BRATTLEBORO — In November, Freedom & Unity: The Vermont Movie, films about Vermont made by Vermonters, came to Brattleboro. Vermont's unique contribution to direct democracy, our Annual Town Meetings, was one of the themes.
The segment on energy, “People's Power,” included scenes with citizens in Town Meetings debating shutting down Vermont Yankee. In 2009 and 2010, 51 towns in Vermont passed resolutions that advised the Legislature not to grant a license extension to VY, and to hold Entergy responsible to fully fund decommissioning. The success of this statewide effort sent a clear message to the legislature. Soon after, the Senate voted 26-4 against relicensing.
Watching “People's Power” moved me to tears. Three years of being lied to, bullied, and sued by an $11 billion Louisiana corporation has silenced our legislators and cowed our regulators. Is Vermont's direct democracy dead?
At the Rally to Defend Democracy in April 2012, Gov. Peter Shumlin tore into Entergy, listing all the promises it has broken to Vermont. Today, pragmatically, he calls Entergy a fair partner.
One industry insider said Entergy has spent $80 million on legal and regulatory challenges in Vermont since buying Vermont Yankee in 2002. It has paid off.
“The nuclear power industry has just been delivered a tremendous victory against the attempt by any state to shut down federally regulated nuclear power plants,” crowed Entergy's legal celebrity, Kathleen Sullivan, after the federal court decision on preemption which gutted our legislators' role.
The Nuclear Regulatory Commission is a captive regulator, with rules stacked in favor of the corporations. Recently, the pesky problem of congressional oversight was handled by a new NRC rule limiting access to NRC records.

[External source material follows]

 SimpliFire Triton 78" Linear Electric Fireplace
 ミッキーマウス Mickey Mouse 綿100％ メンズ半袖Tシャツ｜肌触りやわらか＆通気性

Before now, any U.S. Senator or Representative from a state hosting a nuclear reactor could request information. Now only three people in Congress - the chair and ranking members of the Congressional oversight committee - can make such a request. That rule change leaves out U.S. Senator Bernie Sanders, who serves on the committee.
Not content with eviscerating the state and federal roles in running nuclear reactors, Entergy has now set its sights on limiting a host state's role in decommissioning. Vermont Yankee is the first in a wave of reactors facing these issues. The company is sending a signal to regulators in New York, Michigan, and Massachusetts, respective hosts of its Pilgrim, Fitzpatrick, Palisades, and Indian Point reactors: “We will outspend you, we can force your hand, or we will walk away for half a century via SAFSTOR.”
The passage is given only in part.